Beim Medizinhistorischen Institut vermutet man, dass möglicherweise die Trendwende von der seriösen Ganzheitsmedizin zur leichtfüssigeren ganzheitlichen Wellness-Welle nicht früh genug eingeleitet worden war.

“Der Bircher-Benner-Klinik ähnlich gelagerte, ehemalige traditionelle Kurhäuser im Tessin figurieren heute im Verzeichnis der Wellness-Hotels”, sagt Wolff.

swissinfo, Alexander Künzle

Der junge Arzt Maximilian Bircher (1867 bis 1939) eröffnet 1891 eine Praxis im Zürcher Industriequartier.

Er kritisiert die damals gängige Schulmedizin als rein symptomatisch und sucht eine Methode, die Ursachen und seelischen Prozesse von Krankheiten mitzubehandeln.

Über die Rohkost kommt er auf die Bedeutung der Ernährung für Gesundheit.

1897 gründet er in Zürich-Hottingen eine kleine Privatanstalt für “diätetisch-physikalische Therapie”.

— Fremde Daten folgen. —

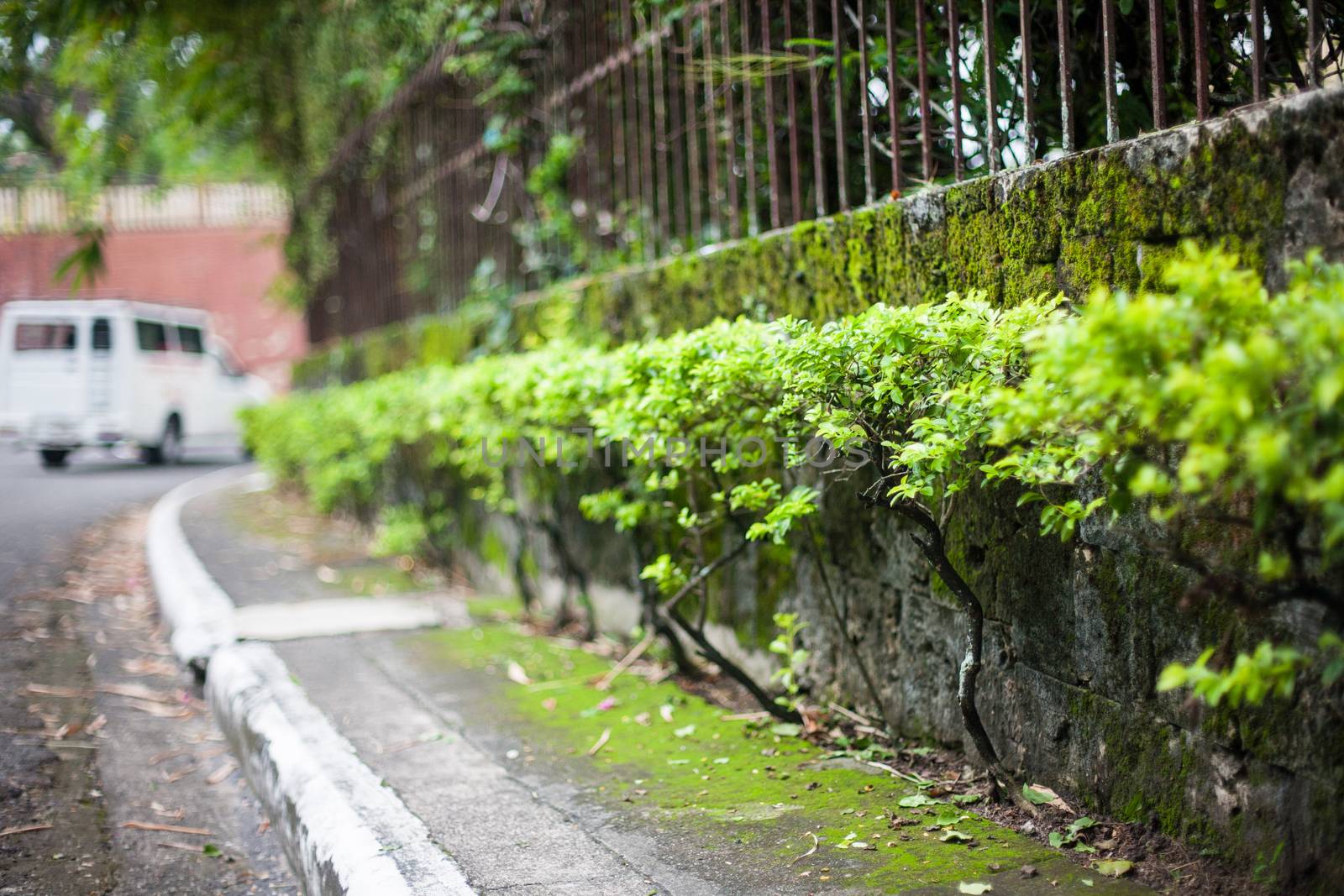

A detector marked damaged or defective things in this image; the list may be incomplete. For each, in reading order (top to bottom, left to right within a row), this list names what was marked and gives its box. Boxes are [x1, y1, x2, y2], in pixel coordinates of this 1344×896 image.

Die Zürcher Ärztegesellschaft lehnt seine Methode ab. Doch sein Heil- und Sinnstiftungsangebot erfreut sich wachsender und internationaler Nachfrage.

Schon 1904 zieht er in einen Sanatoriumsbau am Zürichberg. Bald offeriert er 60 Betten und ein fünfköpfiges Ärzteteam für die Kurgäste aus aller Welt.

Er wird Vordenker in Sachen Vitaminforschung.

Nach seinem Tod bleibt die Klinik noch lange Bezugspunkt, bis sie 1994 geschlossen wird.

Vom 5. bis 7. März 2004 findet am Ort der ehemaligen Bircher-Benner-Klinik am Zürichberg ein Symposium zum 100-jährigen Jubiläum der Klinik statt.

Dabei wird Birchers Denken und Schaffen aus historischer Sicht interpretiert.

Die zahlreich erhalten gebliebenen Krankenakten der ehemaligen Klinik geben eine medizin- und sozialgeschichtlich reiche Quelle ab.

Das Museum Mühlerama im Zürcher Tiefenbrunnen-Quartier widmet zudem dem “Bircher-Müesli” ab Ende April 2004 eine Sonderausstellung.